One of Dagger’s new improvements is assisted injection, which Google added in version 2.31. In this appendix, you’ll learn:

  1. What assisted injection is.
  2. How to implement it with @Assisted, @AssistedInject and @AssistedFactory.

To do this, you’ll work on the RandomFunNumber app.

What is assisted injection?

In this book, you learned all about dependency injection. You saw several examples of how dependency injection can improve the maintainability and testability of your code. You also learned that constructor injection is the best type of injection because it allows you to provide dependencies at the exact moment you create an instance of an object.
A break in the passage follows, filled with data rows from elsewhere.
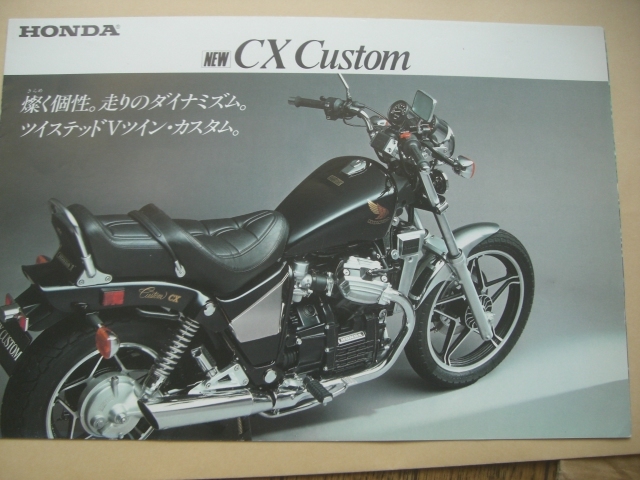  CX Custom カスタム　 NC10 カタログ　ホンダ　当時 cx400_画像1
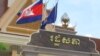 គណបក្ស​ប្រជាជន​ស្នើ​ច្បាប់​ដាក់​ទោស​អ្នក​មិន​ទទួលស្គាល់​ថា​មាន​ឧក្រិដ្ឋ​កម្ម​ក្នុង​របប​ខ្មែរ​ក្រហម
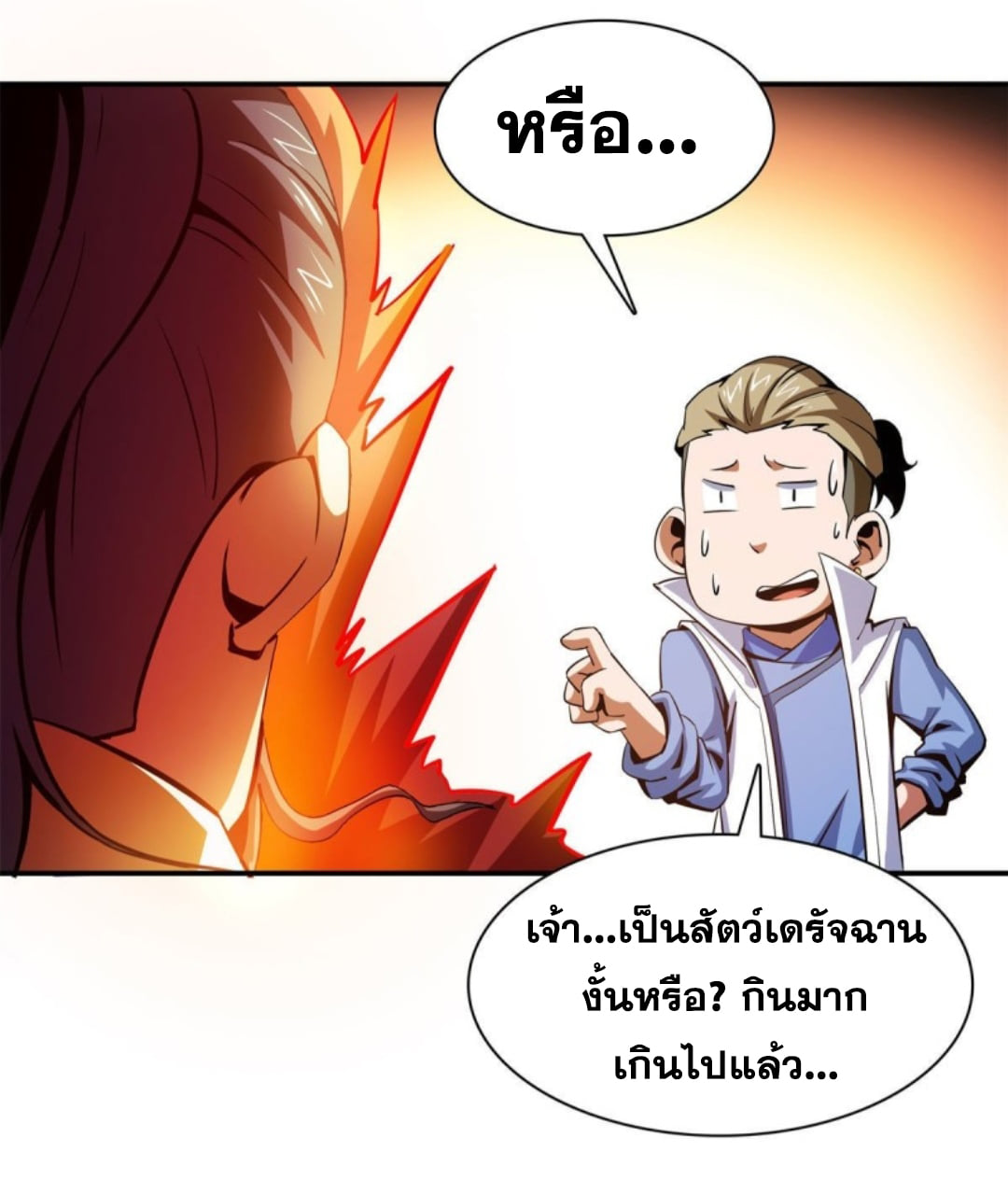 Library Of Heaven's Path ตอนที่ 99 หน้า 30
It’s not unusual to see code like this:

class MyService @Inject constructor( // 1 
	private val dep1: Dependency1, // 2
	private val dep2: Dependency2, // 2
	private val dep3: Dependency3  // 2
) : Service

Here, you define:

  1. MyService as an implementation of the Service interface, and you annotate its primary constructor with @Inject. This tells Dagger how to create an instance of MyService to use anywhere you need an object of type Service.
  2. The dependencies of MyService as primary constructor parameters. In this case, MyService needs objects of types Dependency1, Dependency2 and Dependency3.

By also telling Dagger how to provide objects of type Dependency1, Dependency2 and Dependency3, you know Dagger will create the instance of MyService for you every time you need a Service.

This is very cool, but sometimes you need something a bit different. To understand what, return to RandomFunNumber to see a practical example.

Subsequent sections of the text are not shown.